Wednesday, April 18, 2012
Ps. 40.12 (troubles too numerous to count)
“For
/ troubles have surrounded me – too numerous / to count; - My wicked deeds /
have overtaken me – so that / I cannot see. – They are more numerous / than the
hairs on my head – and / my heart / has failed me.” There is, in this section
of the psalm, some interesting allusions to previous portions, specifically,
the section detailing how “numerous” Yhwh’s acts of deliverance have been for
the king/Israel. I think the allusion is intentional and falls in line with our
previous reflection. In verse 5 the king emphasizes, no less than three times,
that Yhwh’s wonders are “many”, that “no one can arrange them” and they are “too
many to count”. Here, by contrast, the troubles of the king are described as “too
numerous to count” and “more numerous than the hairs on my head.” Furthermore, whereas
the magnitude of Yhwh’s acts of deliverance erupted in act of praise and
liturgy, here the ‘troubles’ and ‘wicked deeds’ work in exactly the opposite
fashion: they make his heart ‘fail’; one can detect a descending progression
from “too numerous to count” – “I cannot see” – “my heart has failed” as a type
of reversal of the progression in verse 2, “raised me from the pit” – “set my
foot on rock” – “made firm my footsteps” – “put a new song in my mouth”. It is
important here to pause and look to the immediately preceding verse before
developing further why the psalmist has structured the psalm the way he has and
what it implies. In verse 11 the psalmist had declared that Yhwh’s lovingkindness
and truth “continually protect me”. Now, in the immediately following verse,
the king has seemingly been left without this protection. The sudden shift in
tone is important to track and, as we saw in our previous reflection, verse 11
operated as a joining-together of the two sections of the psalm. The psalmist,
therefore, in looking to the past knows himself to be protected but in the
present is experiencing the onslaught of “troubles”. And the present is the moment
of prayer and petition. This, I believe, is why the psalmist has fashioned the
psalm the way he has. The ‘numerous wonders’ of Yhwh in verse 5 were recounted
in order that they act as a counter-blast to the “too numerous” troubles that
now surround the king. Just as the king had experienced an exodus in the past,
and Yhwh had ‘displayed his wonders’, so too has the king now entered into a
similar Egypt-like darkness and is in need of Yhwh’s ‘wonders’. In essence, the
first half of the psalm embodies this very carefully constructed liturgical
petition, in the form of memory, so that it can operate to “ignite” Yhwh’s
wonders once again. It is not, I think, too speculative to say that Yhwh’s “too
many wonders” came prior to these “too many troubles” in order to demonstrate
(formally) that they are (or, can be) significantly more powerful than the
troubles currently are.
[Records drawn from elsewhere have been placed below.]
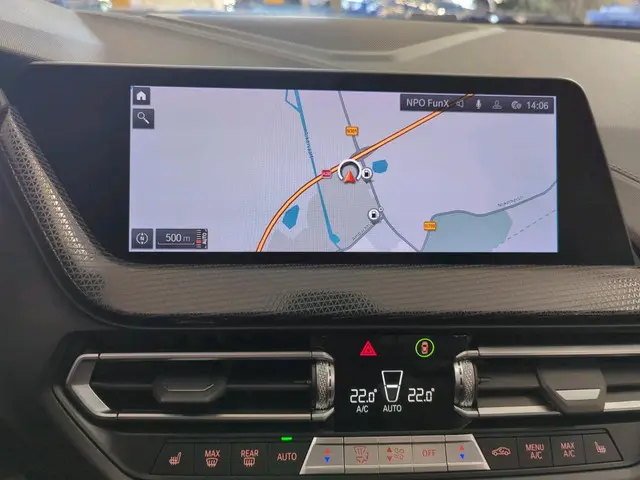 BMW 1 Serie 120i Business Edition Plus 2021 Benzine 7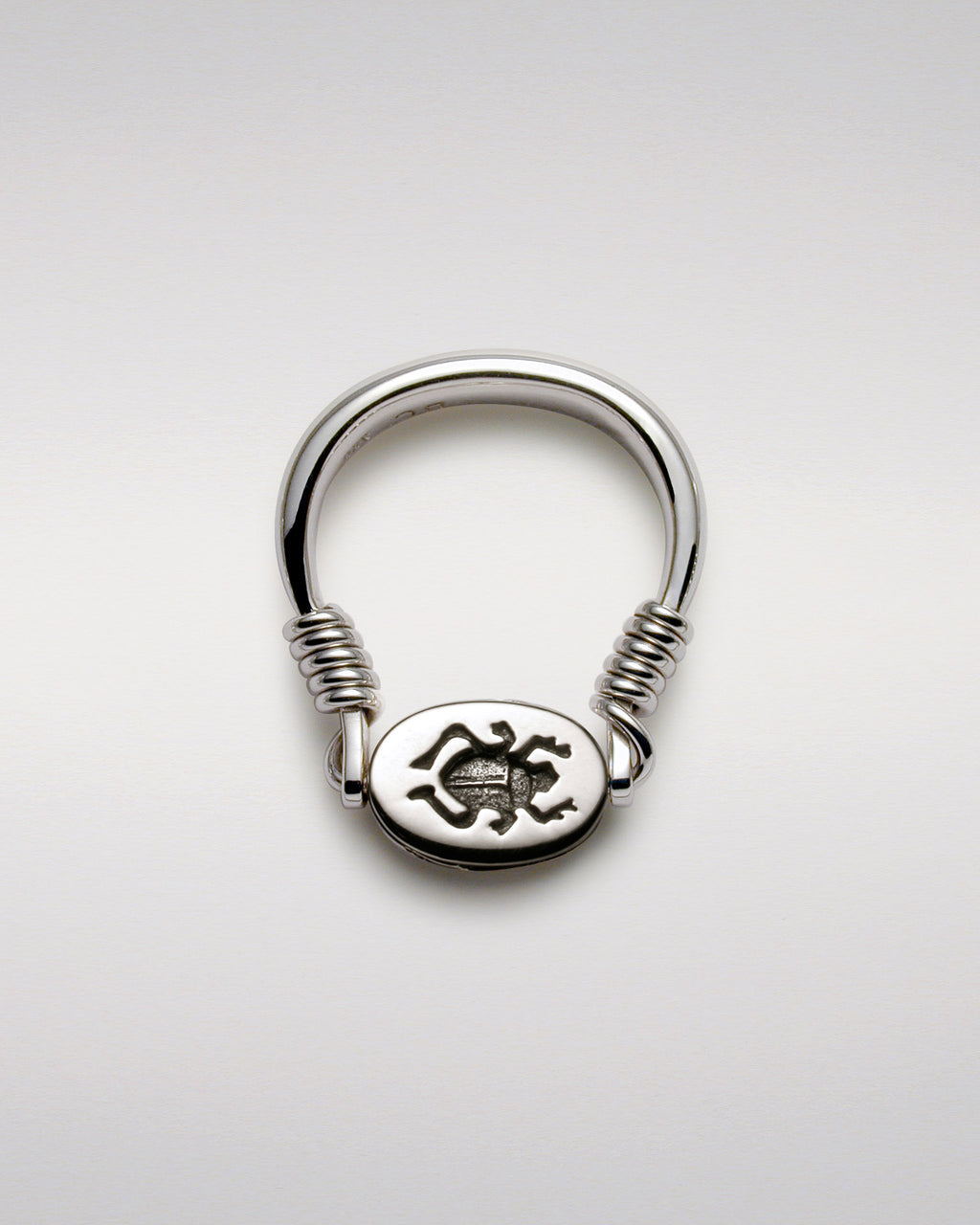 Classical Scarab Swivel Ring with Pavé-Set Diamonds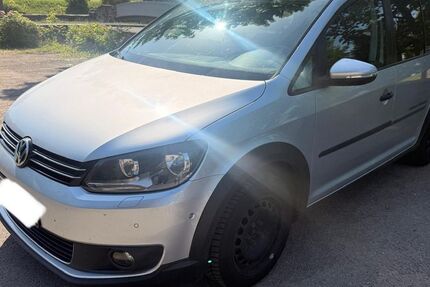 VW Touran 240.000 km 5.500 &euro; Euskirchen 53879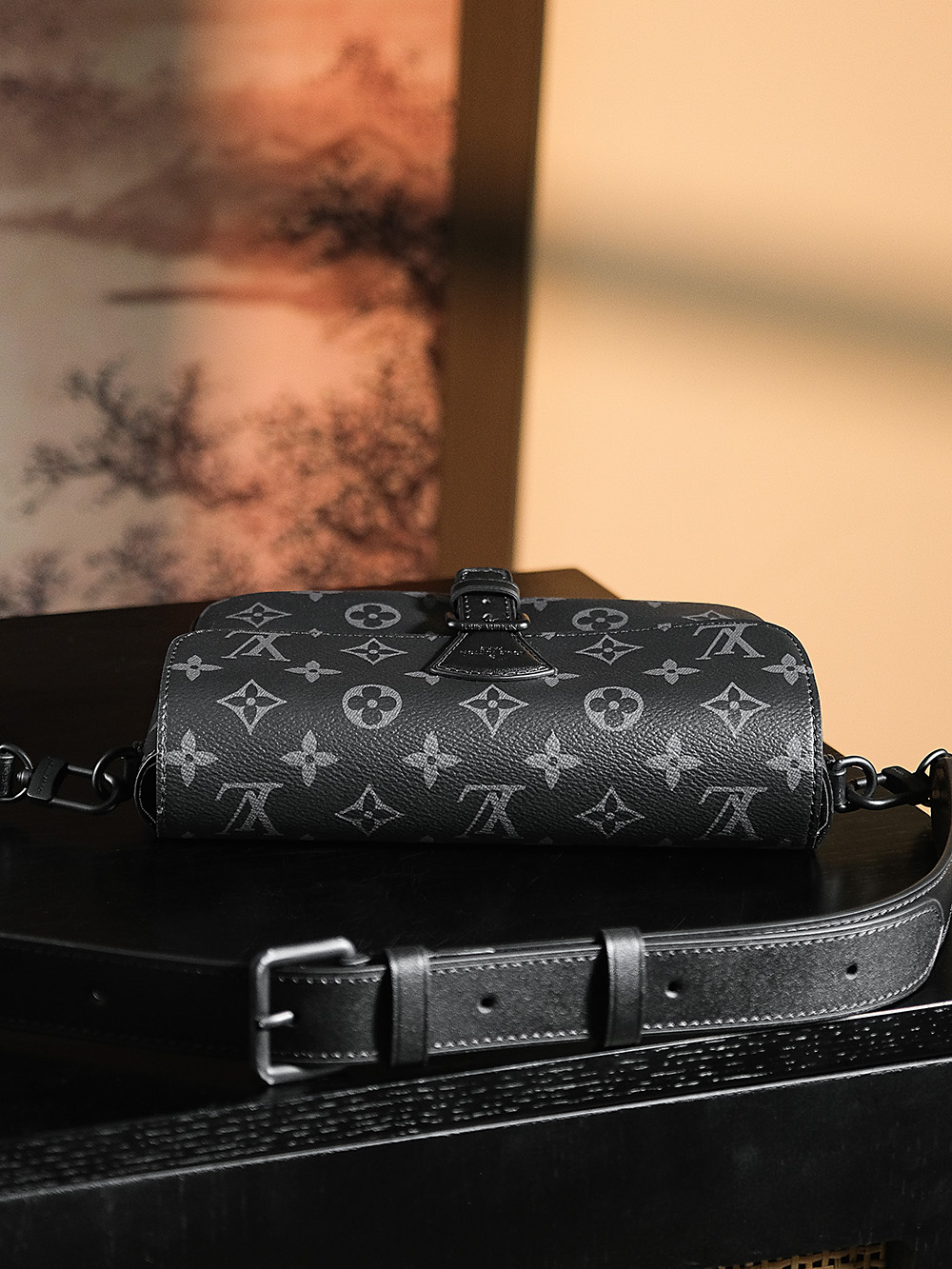 𝐌𝐎𝐍𝐓𝐒𝐎𝐔𝐑𝐈𝐒芯片菱形跳动码邮差包系列#M83567/PJ1000
✖️专柜售价𝟏𝟓𝟕𝟎𝟎𝐑𝐌𝐁

ᴹᵒⁿᵗˢᵒᵘʳᶦˢ男士必冲款，暗黑系老花真的是满满的质感，不张扬的同时又自带高级感。
方长包型设计有着法棍的味道，宽肩带的设计也是十分低调独特。
双层内里的设计适合出行时分类各种物品，实用且时尚百搭的单品。
整体𝒂𝒍𝒍-𝒃𝒍𝒂𝒄𝒌真的太酷了，男士首选之一！

五金材质：一树脂扣五金
皮料材质：菱形法国原厂皮面料【芯片版】
尺寸详情：𝟐𝟐*𝟏𝟐*𝟔𝐜𝐦
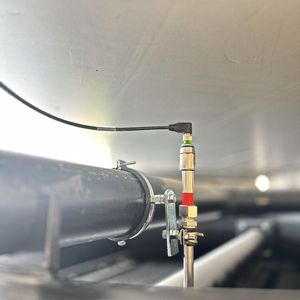 With its capacitive measuring method, the compact new level detector Jumo Zelos C01 LS reliably detects levels of liquids or other media.(Image: Jumo)
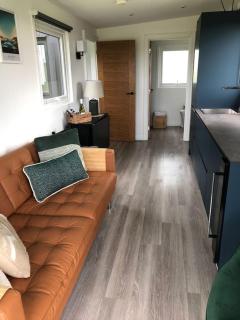 Luxury 2 Bedroom Glamping Pod with Hot Tub at Aganmore Farm Glamping - Pod 2 - 1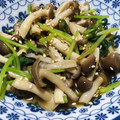流し目りえちゃん's cooksnap of when they made 三つ葉としめじのわさび風味お浸し☆.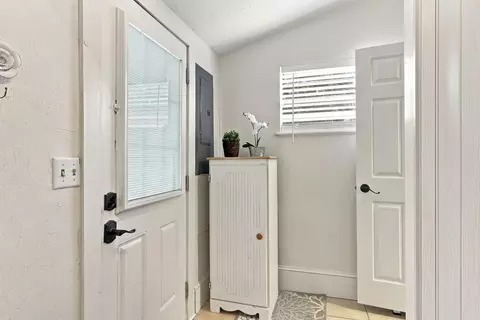 Entry Way - 136 M L King Ave, Saint Augustine, FL 32084 photo 5 of 5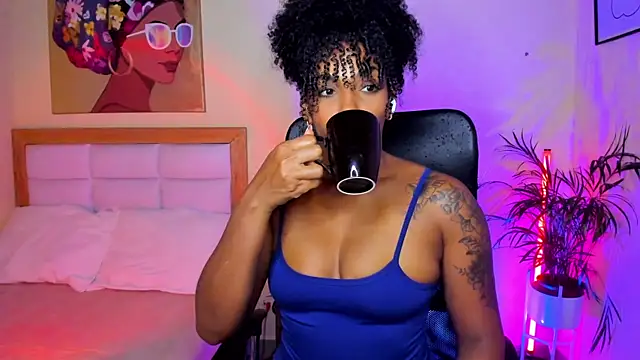 Snapshot of AitanaBrown_ chatting on May 1, 1:27 pm AitanaBrown online show from May 1, 1:27 pm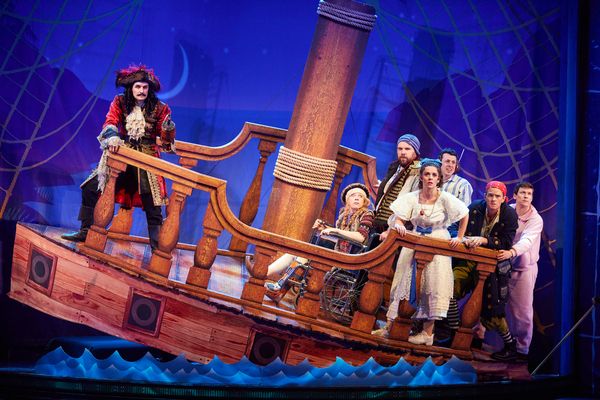Photos: First Look at PETER PAN GOES WRONG, Featuring Neil Patrick Harris — photo 1 of 11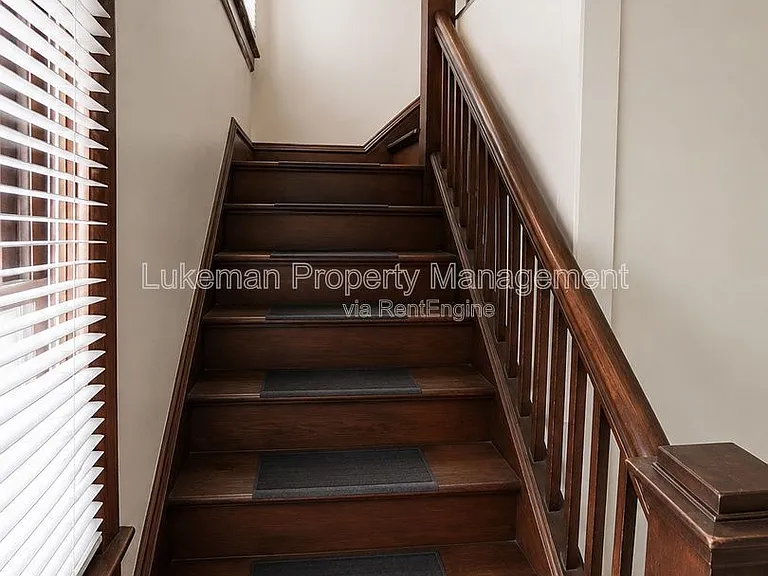 1104 Washington Ave #2 — Photo 10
And, the fact that the acts of deliverance have been
rooted in the past, and recounted in the ‘great assembly’, tends to make the
current troubles not less real, but dangers from which the king can have faith
in Yhwh’s power to deliver him from. The present troubles, while ‘numerous’,
will not be able to defeat what has been a “plan for Israel” (vs. 5), which is
more than a simple act of deliverance.